# NEW P.A.S.T STANDARDS FOR PARARESCUE



## txpj007 (Oct 18, 2011)

Meant to put this on here a little while ago.

Previous 1.5mi run 10:22 NEW 9:47
                6 Pull ups           NEW 10
                45 sit ups            NEW 54
                45 push ups        NEW 52
            500m swim 11:30  NEW 10:07


----------



## TLDR20 (Oct 18, 2011)

That is a lot of pullups for a fresh out of BCT dude.


----------



## Boon (Oct 18, 2011)

Do they do pullups in basic?


----------



## TH15 (Oct 18, 2011)

I took a few months off of doing pull ups this summer, went to a concert where the Marines had that pull up bar set up and did 16. I would think with as active as they are during basic, they could definitely do at least 10?


----------



## TLDR20 (Oct 18, 2011)

I don't know if the AF does but we did them in infantry basic. Never for a grade. We had to do them in SOPC but I think it was 7 to pass. SFAS we did them as well but I never knew what the standard was. 10 seems like a lot. I guess they need better guys starting the pipeline though. Good stuff.


----------



## TLDR20 (Oct 18, 2011)

TH15 said:


> I took a few months off of doing pull ups this summer, went to a concert where the Marines had that pull up bar set up and did 16. I would think with as active as they are during basic, they could definitely do at least 10?

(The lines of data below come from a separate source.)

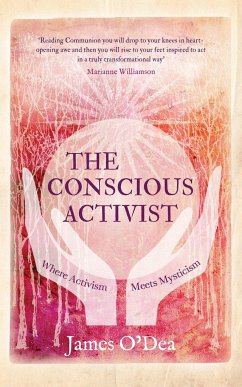 The Conscious Activist: Where Activism Meets Mysticism - O'Dea, James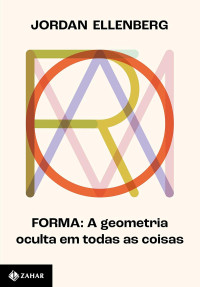 Jordan Ellenberg — Forma. A Geometria Oculta em Todas as Coisas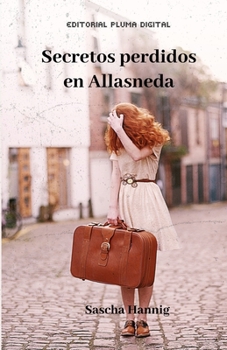 Paperback Secretos Perdidos en Allasneda: La gran aventura de Tamara Salomé [Spanish] Book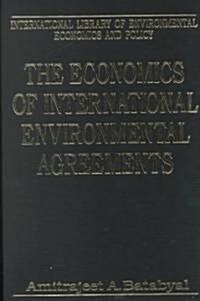 The Economics of International Environmental Agreements (Hardcover)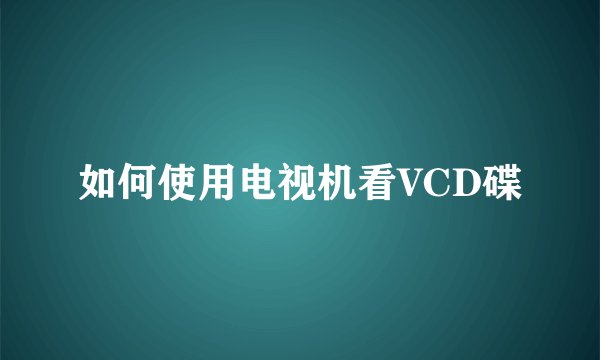 如何使用电视机看VCD碟
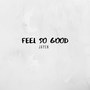 Feel So Good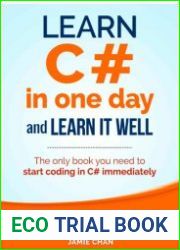 C# Learn C# in One Day and Learn It Well. C# for Beginners with Hands-on Project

I don't know. When I was in Basic I could easily knock out 20 going into the FTX, not doing them for a few weeks then doing them in Airborne I was definitely a lot weaker. AF basic is also not infantry AIT, so I do not know. I know I hate pullups now. But they are a definite indicator of total body strength in my eyes.


----------



## Hillclimb (Oct 18, 2011)

Love me some pull ups. The order that you listed the exercises, is that the order they are proctored? I remember when doing the navy pst for their specwar program, they did swim-push-sit-pullups-run. The run was a bitch at the end.


----------



## Jay (Oct 18, 2011)

I have a good friend currently int he Pararescue Pipeline, he's currently at MFF in San Diego. I remember him saying something about them allowing SOF candidates doing pullups during basic but that his PT dropped drastically during BMT. From what I remember the first 3 weeks at INDOC weren't "graded" from a eval standpoint, so those that were out were DOR or injury. So I guess you have time to get them back up? But I think there is a PAST test directly after basic so that's gotta be tough.


----------



## SkrewzLoose (Oct 18, 2011)

Those are very quick run and swim times!  The run especially.  I never had a PST run under 10 mins.  I've never done 1.5 miles under 10 mins, EVER.  For the swim, can you use any stroke you want or is it CSS/some variation?


----------



## TH15 (Oct 18, 2011)

I've never been to basic so I don't know how plausible this is, but is there a way to do inverted pull ups on the racks/bunk beds/whatever they're called? It's no "legitimate" pull up but better than not doing them?


----------



## Seajack (Oct 18, 2011)

I've been able to do at least 10 dead hangs since I was 13. I'd be interested to know the details on the swim, though.


----------



## SkrewzLoose (Oct 18, 2011)

TH15 said:


> I've never been to basic so I don't know how plausible this is, but is there a way to do inverted pull ups on the racks/bunk beds/whatever they're called? It's no "legitimate" pull up but better than not doing them?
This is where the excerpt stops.